Utilities around the world have reached a “landmark” pact at COP28 in Dubai to speed up their race to net zero, while a new offshore wind alliance was launched and controversy erupted over the invitation of 'arsonists to the firefighting convention'.

The brisk pace of dealmaking that has marked the annual climate summit so far continued today (Tuesday) as 25 utilities and a handful of power companies signed up to the 'Utilities for Net Zero Alliance'.

The “landmark joint commitment to advance electrification, renewables-ready grids, and clean energy deployment” will help the world reach net zero by 2050, said the International Renewable Energy Agency (IRENA), which will help coordinate the alliance.

Led by the UAE’s grid operator TAQA, other alliance members include France’s EDF, Italy’s Enel and the UK’s National Grid.

IRENA said the primary focus of the alliance is hastening the renewables rollout and building the infrastructure needed.

It also offers a platform for “joint efforts to address supply chain bottlenecks, support the flow of capital to the power sector transformation in the global south, and engagement with policymakers and regulators.”

IRENA director general Francesco La Camera said that to “accelerate the deployment of renewables, we need concerted action to overcome existing infrastructure barriers through the modernisation and upgrade of power grids”.

Utilities are at the “frontline” of this modernisation, he said, and will have to invest significantly in “interconnectivity, flexibility, and balancing of the distribution system in pursuit of Paris Agreement climate goals.”

The alliance will now develop a “plan of action” to address challenges in decarbonising, including finding sufficient capital, building up capabilities and talent and facilitating regulatory support.

New offshore wind group launched

Ocean Energy Pathway (OEP) was launched with the goal of accelerating the energy transition by “unlocking the tremendous potential of offshore wind power.”

The non-profit is supported by the newly announced Ocean Resilience and Climate Alliance, a $250m fund focused on “advancing ocean-based solutions to fight climate change.”

To achieve net-zero emissions globally, IRENA forecasts the need for 2TW of offshore wind by 2050 – but the sector has been battered this year by inflation and supply chain issues that have led to a spate of high-profile project cancellations.

Through support from the global wind industry and climate philanthropy, OEP said it will accelerate offshore wind development over the next decade in at least ten markets with significant wind resources at the frontier of the energy transition, including India, Brazil, Colombia and South Africa.

Rebecca Williams, the Global Wind Energy Council’s offshore wind chief, said that “countries across the world are turning to offshore wind to power their growing economies” and OEP will “help them realise their ambitions.”

The Global Offshore Wind Alliance meanwhile welcomed new members today, including its first supranational body – the European Union.

California, Brazil and Panama also joined the alliance, with the four new members bringing another 65GW of targeted capacity in total.
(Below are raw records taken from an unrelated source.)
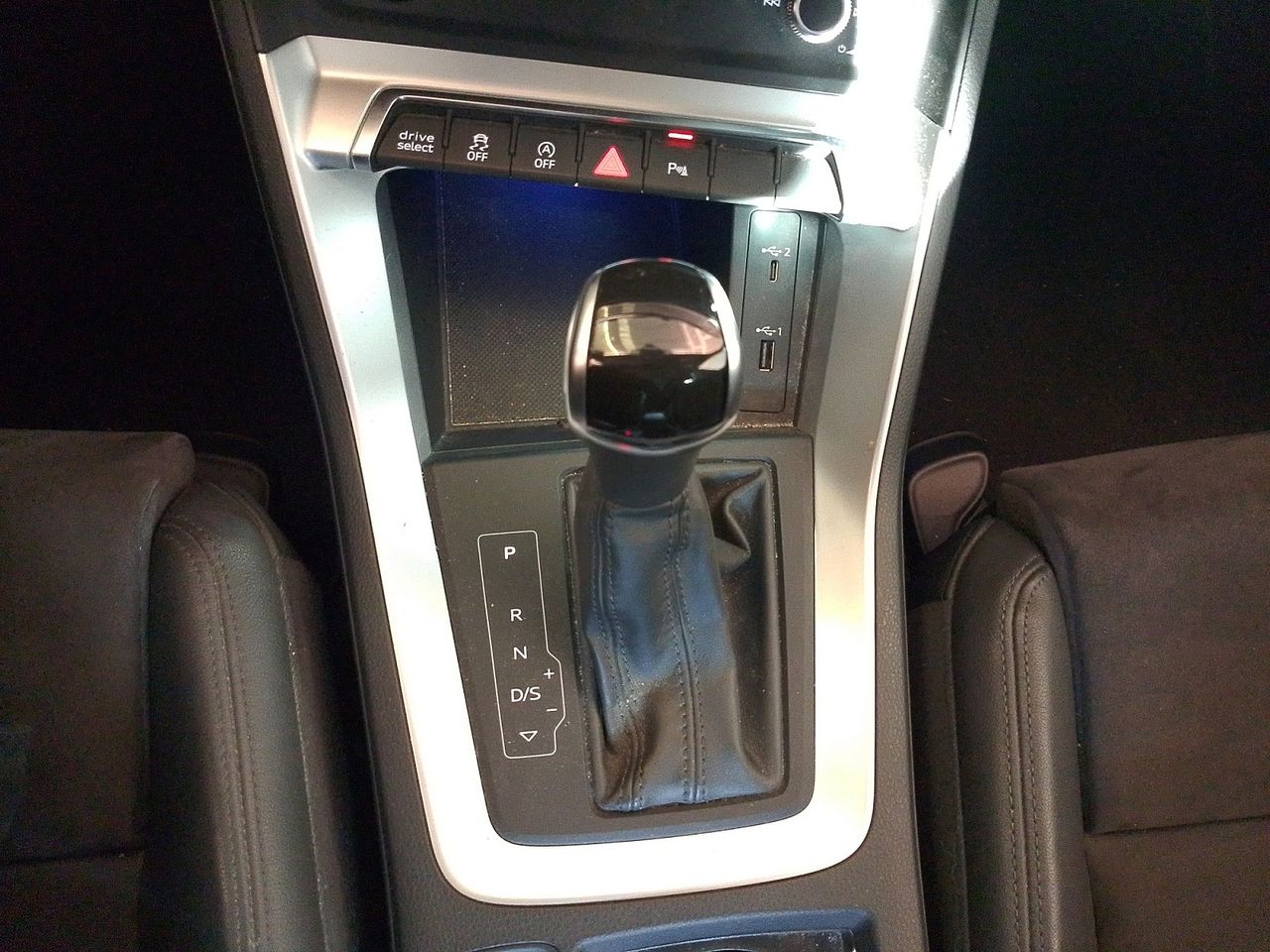 Audi Q3 35 TFSI S line - foto 13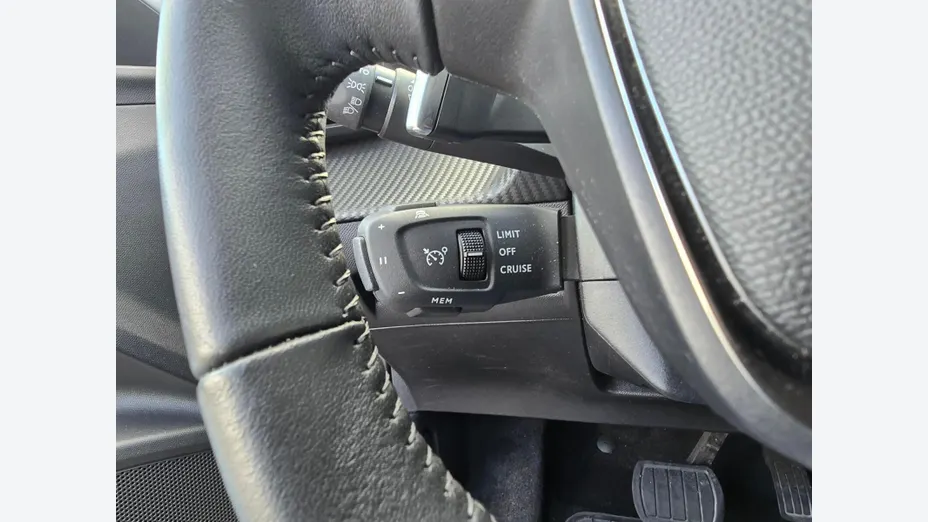PEUGEOT 2008 2008 PureTech 130 GT S&S EAT8
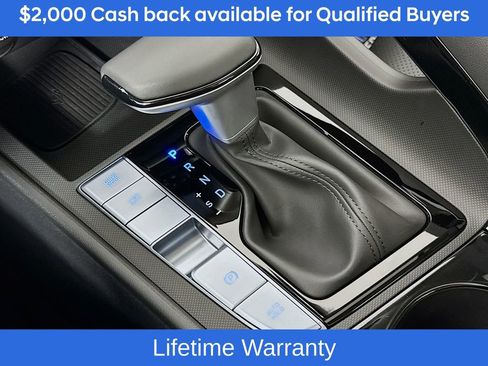 New 2026 Hyundai Elantra Limited image 17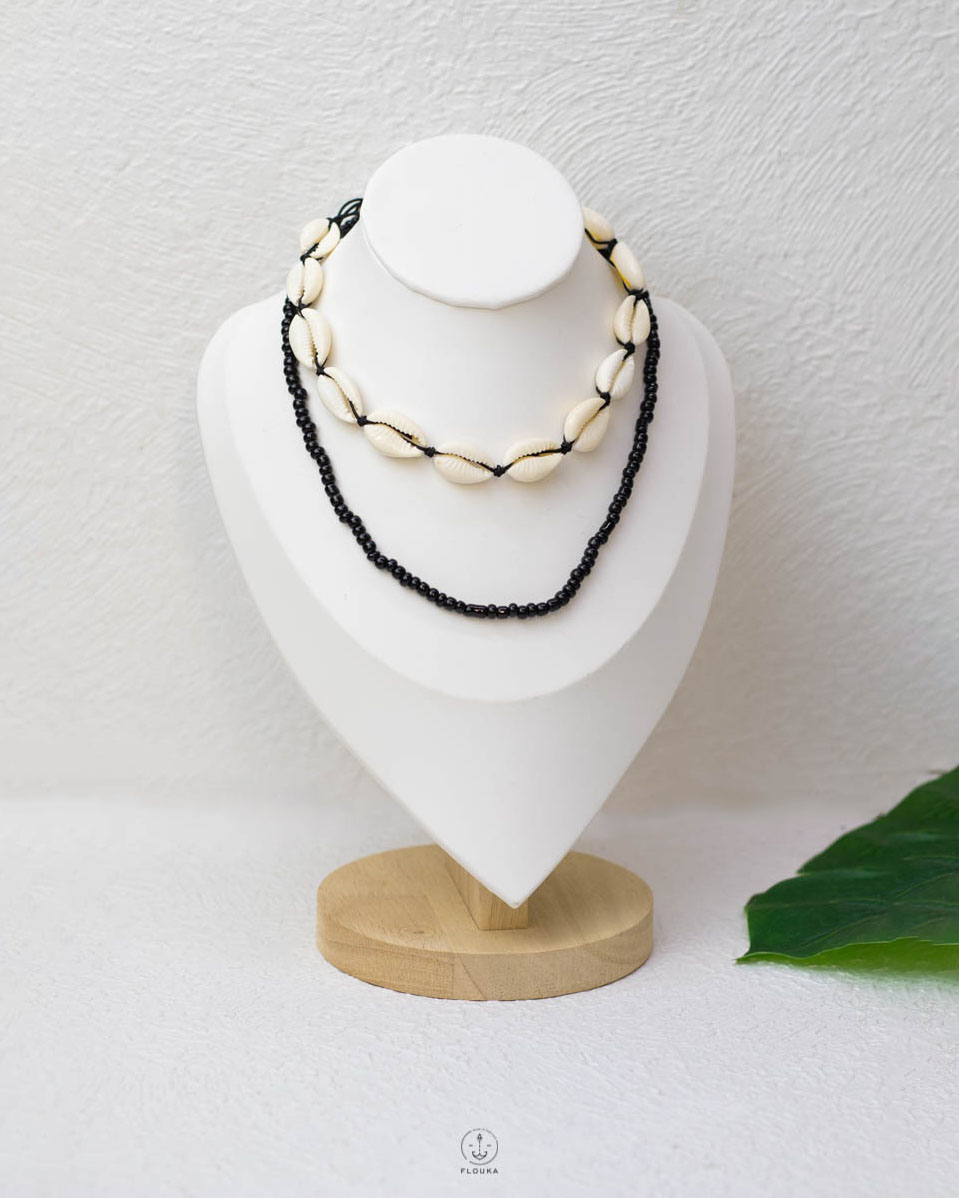 1752622015_N1572.jpg summer double layer black and white seashell necklace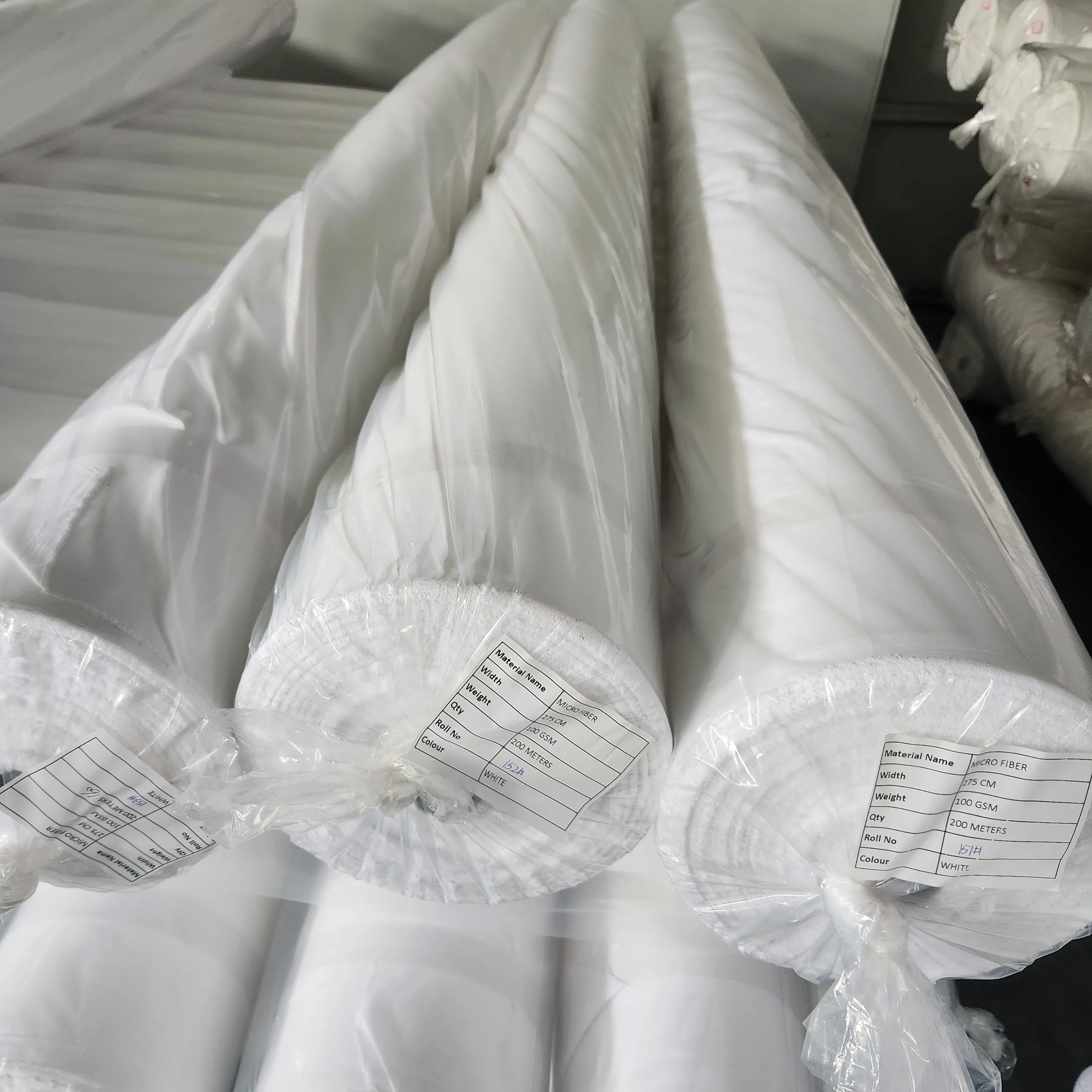 Changxing Supplier White Microfiber Brushed Plain Woven Polyester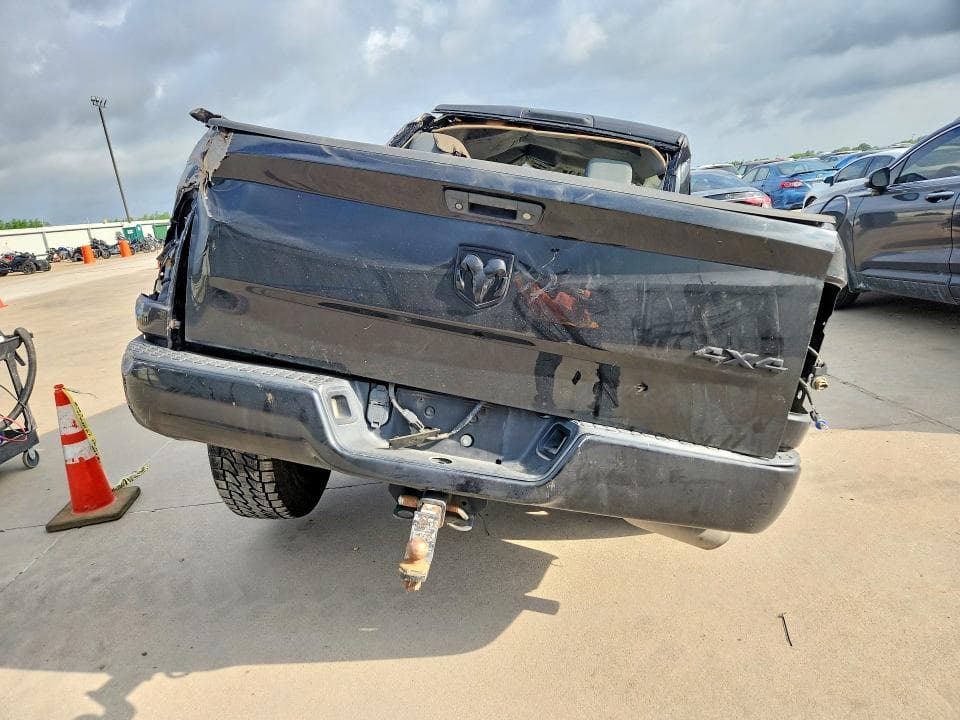 2018 RAM 1500 ST 6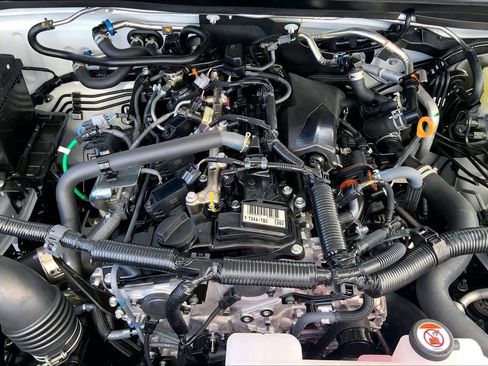 New 2026 Toyota Tacoma SR5 AWD/4WD image 17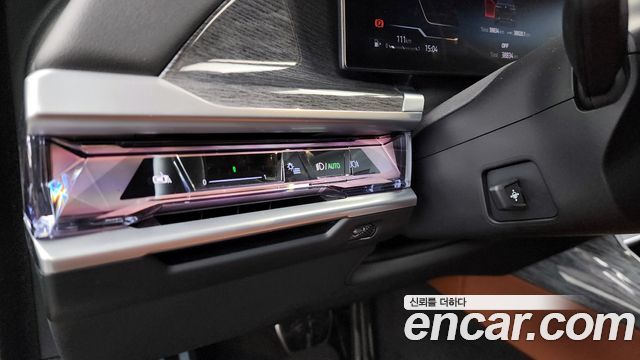 BMW 7 Series (G70) 740i xDrive M Sport 2024 — фото 16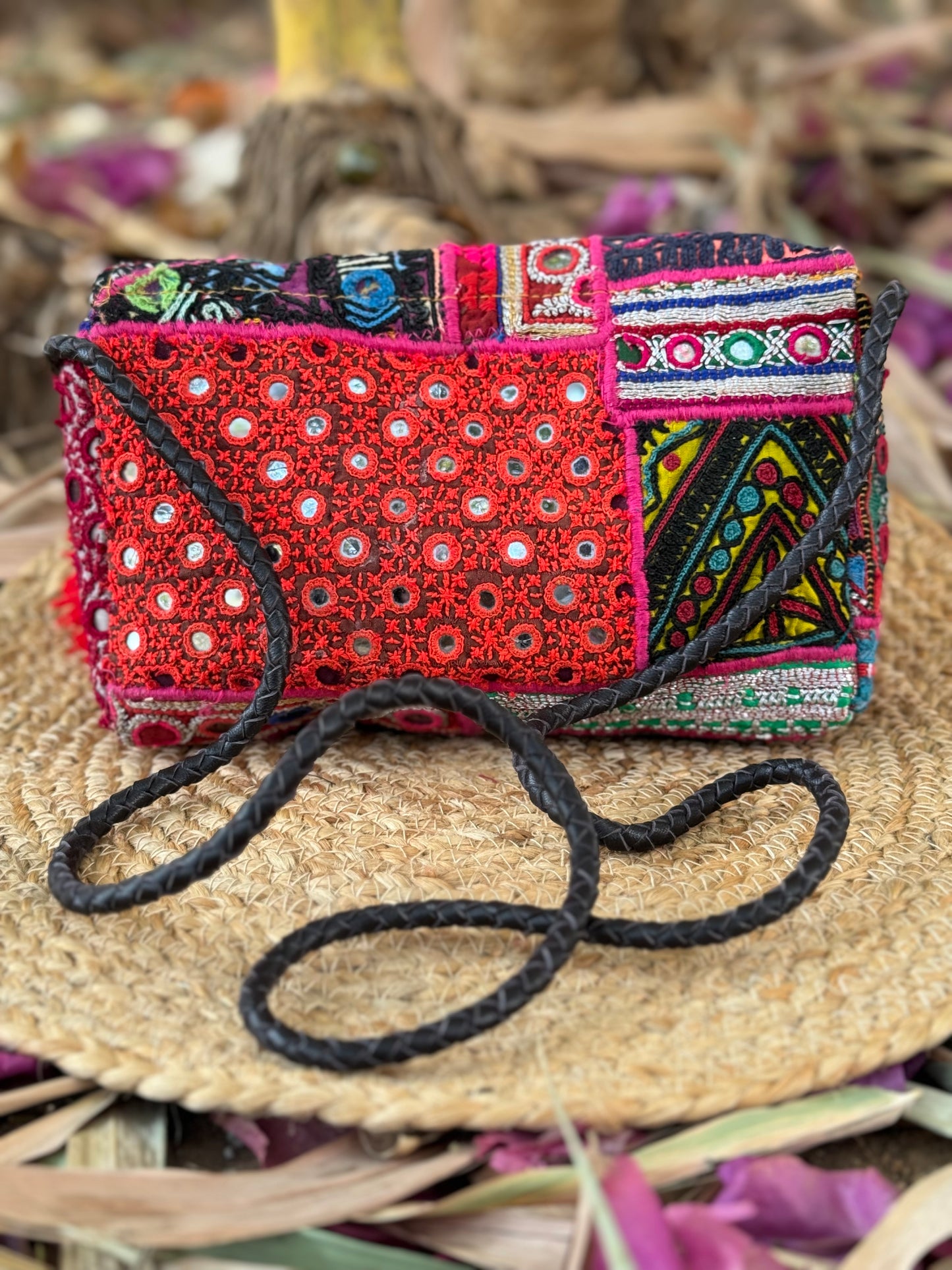 Fiona Banjara Sling Bag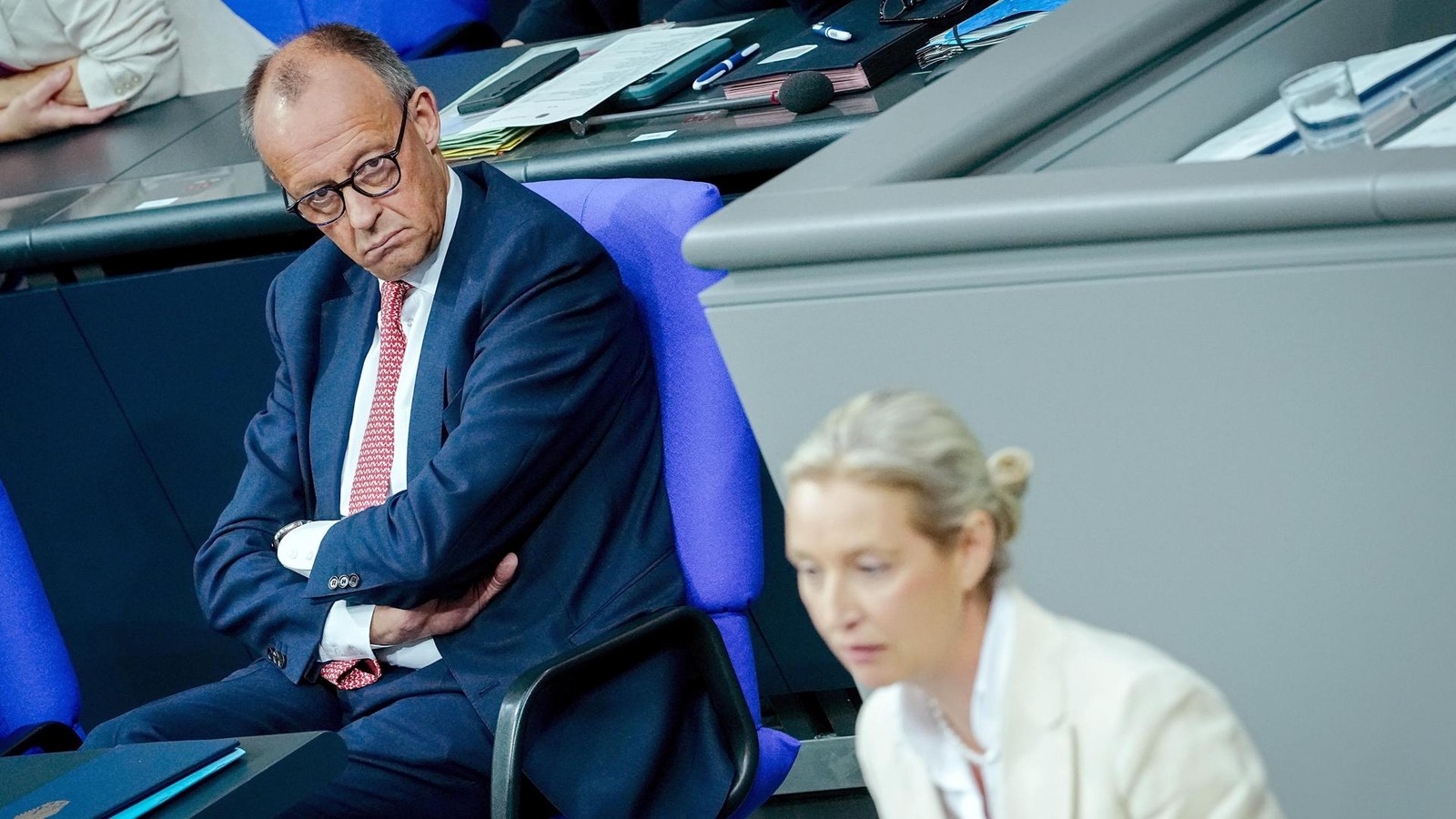 Bundestags-Generaldebatte-Es-wird-ruppig-zwischen-Merz-und-Weidel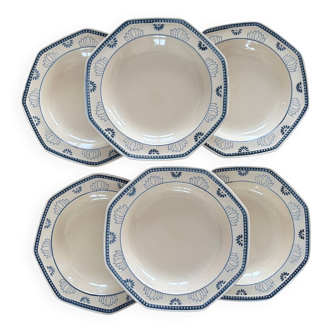 6 assiettes octogonales Longchamp France à décors de fleurs de lotus bleues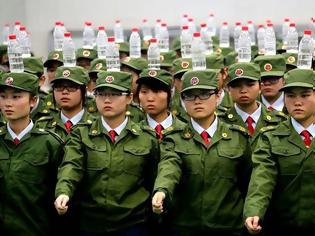 Φωτογραφία για ΦΩΤΟ-Οι Κινέζοι παρελαύνουν με μπουκάλι στο κεφάλι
Masdar makes moves in Jordan

Masdar, the state-owned renewable energy company of COP28 host the United Arab Emirates, continued its spree of green deal making – signing up to develop a 1GW wind and battery energy storage system in Jordan.

It has also entered a memorandum of understanding to explore the feasibility of establishing a green hydrogen plant in the Jordanian port of Aqaba.

Saleh Al-Kharabsheh, Jordan’s Minister of Energy and Mineral Resources, said the country was continuing in its efforts to become a “regional centre for green energy production.”

Masdar is pursuing a target of 1 million tonnes of green hydrogen production by 2030 as part of the UAE’s plans to “establish itself as a green hydrogen hub” and capture 25% of the global low-carbon hydrogen market by the end of the decade.

UAE cuts coal, COP courts controversy

The UAE also announced it has joined the Powering Past Coal Alliance – a coalition of governments and businesses working to advance the transition from unabated coal power to clean energy.

The significance of this is somewhat mitigated as the country already phased out coal last year, although that is much more recently than Malta, the other new alliance member did, back in 1996.

COP28 has meanwhile continued to court controversy, this time with news that a record number of fossil fuel lobbyists (around 2,400) have been given access to the conference. This number is more than four times higher than COP27 in Egypt – although this may partly be accounted for by stricter rules around delegates declaring who they work for.

Nevertheless, Climate Action Network hit out at the figure on X, formerly Twitter, writing: “You don't bring arsonists to a firefighting convention.”

Much of the controversy around this COP has centred on its president, Sultan Ahmed Al Jaber, as he is head of the UAE’s national oil company ADNOC.

In a twist of fate, Simon Evans of UK news publication Carbon Brief has posted on X that Al Jaber may find himself in the hotseat again next year as well at COP29.

This is because the host is due to be an eastern European state and Russia is vetoing all EU nations, while Armenia and Azerbaijan are vetoing each other. This reportedly only leaving seven mostly small states (and war torn Ukraine) eligible to host the highly expensive climate summit.

Al Jaber would be reappointed by default if no new country and president is agreed on, while the conference would take place by default in the German town of Bonn – home of the UN climate secretariat.